Background information

RAPIDS is an open source suite of data processing and machine learning libraries developed by NVIDIA to enable GPU-acceleration for data science and machine learning. For more information about RAPIDS, visit the RAPIDS website.

NVIDIA GPU Cloud (NGC) is a deep learning ecosystem developed by NVIDIA to provide developers with free access to deep learning and machine learning software stacks to build corresponding development environments. The NGC website provides RAPIDS Docker images, which come pre-installed with development environments.

JupyterLab is an interactive development environment that makes it easy to browse, edit, and run code files on your servers.

Dask is a lightweight big data framework that can make parallel computing more efficient.

This topic provides sample code that is modified based on the NVIDIA RAPIDS Demo code and datasets and demonstrates how to use RAPIDS to accelerate an end-to-end task from the Extract-Transform-Load (ETL) phase to the Machine Learning (ML) Training phase on a GPU-accelerated instance.
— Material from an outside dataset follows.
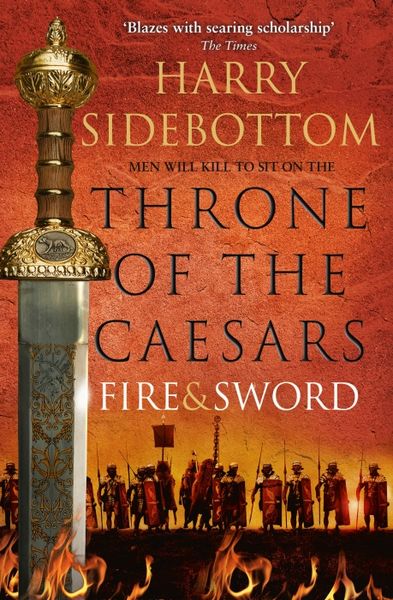 Produktbild: Fire and Sword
The RAPIDS cuDF library is used in the ETL phase and the XGBoost model is used in the ML Training phase. The sample code is based on the Dask framework and runs on a single machine.
Note To obtain the official RAPIDS Demo code of NVIDIA, visit Mortgage Demo.
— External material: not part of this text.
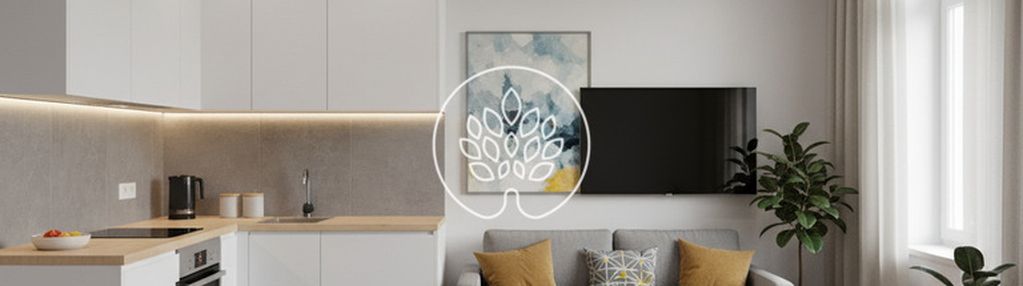 Top: nowa kawalerka z balkonem. wyżyny. winda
If you do not use a RAPIDS pre-installed image to create a GPU-accelerated instance, perform the following steps to use RAPIDS to accelerate machine learning tasks:

Step 1: Obtain the NGC API key

  1. Create an account on the NGC registration page.
  2. Log on to the NGC website.
  3. In the upper-right corner, click the username and select Setup. On the Setup page, click Get API Key.
  4. On the API Key page, click Generate API Key.
  5. In the Generate a New API Key message, click Confirm.
    Note A new NGC API key overwrites the previous API key. Before you obtain a new API key, you must make sure that the previous API key is no longer needed.
  6. Copy the API key and save it to your local storage device.

Step 2: Obtain the RAPIDS image download command

Perform the following steps to obtain the download command of the RAPIDS image:

  1. Log on to the NGC website.
  2. On the page that appears, click the CONTAINERS tab and search for the RAPIDS image.
  3. Obtain the docker pull command.
    The sample code in this topic is based on the RAPIDS v0.8 image. Therefore, use the image that is tagged with v0.8 when you run the sample code. If you use another image, the corresponding commands may differ.
    1. On the RAPIDS page, click the Tags tab.
    2. Copy the tag information. 0.8-cuda10.0-runtime-ubuntu16.04-gcc5-py3.6 is copied in this example.
    3. Return to the top of the page, find the Pull Command section, and copy the displayed command. Paste the copied command to the text editor. Then, replace the image version with the tag information obtained in the preceding step and save the file.
      In this example, cuda9.2-runtime-ubuntu16.04 is replaced with 0.8-cuda10.0-runtime-ubuntu16.04-gcc5-py3.6.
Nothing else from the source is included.